Miernikiem bezpieczeństwa Polski pozostaje sytuacja na Ukrainie, co wynika zarówno z nie do końca pozbawionej podstaw potocznej obawy, że “my będziemy następni”, jak z niestabilnej sytuacji w całej Europie: w związku z wyborami do Bundestagu w Niemczech oraz unieważnieniem i zapowiedzianą powtórką głosowania prezydenckiego w Rumunii a zwłaszcza próbą sformowania rządu w Austrii przez partię bliską Władimirowi Putinowi i deklarującą otwarcie sentymenty wobec nazistowskich czasów. Sama zaś Europa nie stanowi wobec militarnej ani nawet geopolitycznej ekspansji Kremla wystarczającej zapory. Sam Waszyngton po wygranej republikanów jednak nie zamierza tej roli się podjąć, czego niezbicie dowodzi wybór miejsca na spotkanie z prezydentem jednego z ważniejszych państw “wschodniej flanki Sojuszu Atlantyckiego”. Zamiast Białego Domu stało się nim National Harbor, w miejsce zabezpieczonego przez służby gabinetu do negocjacji przygotowanego – zaplecze toczącej się konferencji ideologicznej amerykańskiej prawicy, której tematy nikogo poza granicami USA nie interesują. Zwłaszcza tych, co pozostając nominalnie sojusznikami Ameryki – mają prawo się bać.
Spotkanie Trumpa z Dudą nie uśmierzyło polskich obaw.
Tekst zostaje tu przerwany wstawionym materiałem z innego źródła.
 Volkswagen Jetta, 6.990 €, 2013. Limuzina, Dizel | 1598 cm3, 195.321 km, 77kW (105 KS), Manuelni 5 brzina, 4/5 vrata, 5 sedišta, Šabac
Nie z tego powodu, że trwało krócej niż dziesięć minut, po prawie godzinie oczekiwania, chociaż nie są to szczegóły w dyplomacji obojętne. Tylko dlatego, że konkretów po nim nie przekazano. Co rodzi obawy, że ich po prostu zabrakło.
Prezydent Andrzej Duda opowiadający po rozmowie z Trumpem, że jej gospodarz zwierzył mu się, iż serce mu się kraje, gdy patrzy na zniszczoną przez wojnę Ukrainę, albo zapytywał retorycznie, kto ma z Putinem rozmawiać, jeśli nie on sam, Donald Trump – powinien zdawać sobie sprawę z faktu, że powtarzaniem podobnych pogwarek zamiast podania twardych politycznych i dyplomatycznych faktów z pewnością pozycji Polski w świecie w tak krytycznym momencie nie umacnia. Grozi nam realnie, że dla Ameryki pozostaniemy rzeczywiście najlepszym sojusznikiem ale nie od spraw poważnych, tylko od trwających krócej niż dziesięć minut bezpośrednich rozmów. Co zgodne z prawdą, bo inni na podobne traktowanie się nie godzą.